As a result, I wrote some code to address these points and would like to know if it meets your approval.

Design

First, I renamed Filter interface to FilterChain and filterFunc to filter since I think this may better describe their functionality (Maybe this is not needed).

Then I added some interfaces.

Filters generation

FilterGen is responsible for generating filters with filter options by calling Get, and filter options should be validated before Get by calling Validate

// FilterGen generate a filter from a filter option
type FilterGen interface {
	Name() string
	Get(*FilterOption) filter
	Validate(*FilterOption) error
}

type FilterOption struct {
	KvCacheThreshold *float64 `json:"kvCacheThreshold,omitempty"`

	QueueThresholdCritical *int `json:"queueThresholdCritical,omitempty"`
	QueueingThresholdLoRA  *int `json:"queueingThresholdLoRA,omitempty"`

	// TopK defines the top k pods to be selected, if not specified, 3 will be used
	TopK *int `json:"topK,omitempty"`
	// TopKBy defines the metric to be used for top k selection,
	// `waiting_queue_size` and `kv_cache_usage_percent` are available
	TopKBy *string `json:"topKBy,omitempty"`
}

And I added a topk filter, though the performance of this filter have not been tested yet.

func filterTopKGetter(opt *FilterOption) filter {
        // defaults to 3
	k := DefaultTopK
	if opt.TopK != nil {
		k = *opt.TopK
	}
	var cmp func(a, b *backend.PodMetrics) bool
	switch *opt.TopKBy {
	case TopKByKVCacheUsagePercent:
		cmp = func(a, b *backend.PodMetrics) bool {
			return a.KVCacheUsagePercent > b.KVCacheUsagePercent
		}
	case TopKByWaitingQueueSize:
		cmp = func(a, b *backend.PodMetrics) bool {
			return a.WaitingQueueSize > b.WaitingQueueSize
		}
	}
	topk := algorithms.NewHeapTopK(cmp)
	return func(req *LLMRequest, pods []*backend.PodMetrics) ([]*backend.PodMetrics, error) {
		return topk.TopK(pods, k), nil
	}
}

Orchestrate filter chains

FilterOrchestrator is responsible to orchestrate a filter chain with FilterOrchestration configuration which is loaded from configmap for now (maybe use a CRD?).

type FilterOrchestrator interface {
	Orchestrate() FilterChain
}

type FilterOrchestration struct {
	Name                   string               `json:"name"`
	NextOnSuccess          *FilterOrchestration `json:"nextOnSuccess,omitempty"`
	NextOnFailure          *FilterOrchestration `json:"nextOnFailure,omitempty"`
	NextOnSuccessOrFailure *FilterOrchestration `json:"nextOnSuccessOrFailure,omitempty"`
	FilterOption           *FilterOption        `json:"filterOption,omitempty"`
}

I also added a reconciler for configmaps and store the configmap in the datastore.
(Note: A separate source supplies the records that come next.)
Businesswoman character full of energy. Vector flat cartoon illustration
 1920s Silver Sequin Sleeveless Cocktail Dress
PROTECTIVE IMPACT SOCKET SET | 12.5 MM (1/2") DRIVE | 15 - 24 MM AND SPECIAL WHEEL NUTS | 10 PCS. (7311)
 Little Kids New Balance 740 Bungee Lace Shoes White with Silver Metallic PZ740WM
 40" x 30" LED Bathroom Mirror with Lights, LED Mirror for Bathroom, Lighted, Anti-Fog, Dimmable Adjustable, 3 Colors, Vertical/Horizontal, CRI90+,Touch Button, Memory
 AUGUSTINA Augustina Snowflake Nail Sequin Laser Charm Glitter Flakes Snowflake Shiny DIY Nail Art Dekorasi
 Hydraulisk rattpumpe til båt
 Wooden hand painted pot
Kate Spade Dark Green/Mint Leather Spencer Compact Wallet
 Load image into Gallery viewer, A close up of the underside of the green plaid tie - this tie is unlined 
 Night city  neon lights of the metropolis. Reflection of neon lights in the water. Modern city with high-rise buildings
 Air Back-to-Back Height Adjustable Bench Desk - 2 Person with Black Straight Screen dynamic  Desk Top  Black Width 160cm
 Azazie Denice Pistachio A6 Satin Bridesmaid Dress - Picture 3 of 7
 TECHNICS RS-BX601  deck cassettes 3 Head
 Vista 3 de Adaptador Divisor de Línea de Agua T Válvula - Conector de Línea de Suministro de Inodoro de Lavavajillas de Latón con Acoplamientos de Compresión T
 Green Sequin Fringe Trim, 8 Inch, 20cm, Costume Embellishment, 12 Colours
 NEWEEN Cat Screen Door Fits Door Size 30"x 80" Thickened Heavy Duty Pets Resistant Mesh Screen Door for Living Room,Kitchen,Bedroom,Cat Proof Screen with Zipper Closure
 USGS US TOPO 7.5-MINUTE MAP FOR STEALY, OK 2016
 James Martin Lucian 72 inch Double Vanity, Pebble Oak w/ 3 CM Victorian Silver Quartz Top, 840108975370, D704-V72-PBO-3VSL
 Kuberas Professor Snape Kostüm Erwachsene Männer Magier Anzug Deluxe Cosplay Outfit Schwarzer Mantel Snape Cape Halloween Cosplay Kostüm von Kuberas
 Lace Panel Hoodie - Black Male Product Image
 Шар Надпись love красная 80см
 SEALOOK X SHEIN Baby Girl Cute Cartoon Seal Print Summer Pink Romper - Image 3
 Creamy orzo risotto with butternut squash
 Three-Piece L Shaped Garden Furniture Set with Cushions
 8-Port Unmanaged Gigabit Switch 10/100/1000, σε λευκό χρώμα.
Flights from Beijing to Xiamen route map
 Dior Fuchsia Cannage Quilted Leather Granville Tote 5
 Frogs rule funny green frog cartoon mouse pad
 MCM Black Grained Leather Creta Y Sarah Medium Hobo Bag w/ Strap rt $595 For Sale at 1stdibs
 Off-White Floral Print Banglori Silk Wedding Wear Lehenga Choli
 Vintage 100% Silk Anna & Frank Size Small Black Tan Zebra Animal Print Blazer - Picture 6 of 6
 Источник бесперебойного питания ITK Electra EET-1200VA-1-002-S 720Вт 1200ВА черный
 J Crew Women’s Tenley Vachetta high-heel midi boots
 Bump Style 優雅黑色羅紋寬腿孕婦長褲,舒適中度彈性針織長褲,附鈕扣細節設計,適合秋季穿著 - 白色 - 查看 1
It is quite simple and need to be improved.

func (c *FilterConfigReconciler) Reconcile(ctx context.Context, req ctrl.Request) (ctrl.Result, error) {
	if req.NamespacedName.Name != "filter-config" || req.NamespacedName.Namespace != "default" {
		return ctrl.Result{}, nil
	}
	cm := &corev1.ConfigMap{}
	if err := c.Get(ctx, req.NamespacedName, cm); err != nil {
		klog.Errorf("unable to get ConfigMap, err: %v", err)
		return ctrl.Result{}, err
	}
	klog.Infof("updating filter config to: %++v", cm.Data)
	c.Datastore.filterConfigMap = cm.DeepCopy()
	return ctrl.Result{}, nil
}

Configurable filter chains

By doing this, the scheduler can be initialized with a FilterOrchestrator and dynamically configure filters now.

func WithOrchestrator(orchestrator FilterOrchestrator) SchedulerOption {
	return func(s *Scheduler) {
		s.filterOrchestrator = orchestrator
	}
}

type SchedulerOption func(*Scheduler)

type Scheduler struct {
	podMetricsProvider PodMetricsProvider
	filter             FilterChain
	filterOrchestrator FilterOrchestrator
}
pods, err := s.filterOrchestrator.Orchestrate().Filter(req, s.podMetricsProvider.AllPodMetrics())

A configmap demo is shown in pkg/ext-proc/scheduling/orchestrate_test.go which can be orchestrated to a default filter.

@k8s-ci-robot
Copy link
Contributor

[APPROVALNOTIFIER] This PR is NOT APPROVED

This pull-request has been approved by: Kuromesi
Once this PR has been reviewed and has the lgtm label, please assign smarterclayton for approval. For more information see the Code Review Process.

The full list of commands accepted by this bot can be found here.

Needs approval from an approver in each of these files:

Approvers can indicate their approval by writing /approve in a comment
Approvers can cancel approval by writing /approve cancel in a comment

@k8s-ci-robot k8s-ci-robot added the cncf-cla: yes Indicates the PR's author has signed the CNCF CLA. label Jan 8, 2025
@k8s-ci-robot
Copy link
Contributor

Welcome @Kuromesi!

It looks like this is your first PR to kubernetes-sigs/gateway-api-inference-extension 🎉. Please refer to our pull request process documentation to help your PR have a smooth ride to approval.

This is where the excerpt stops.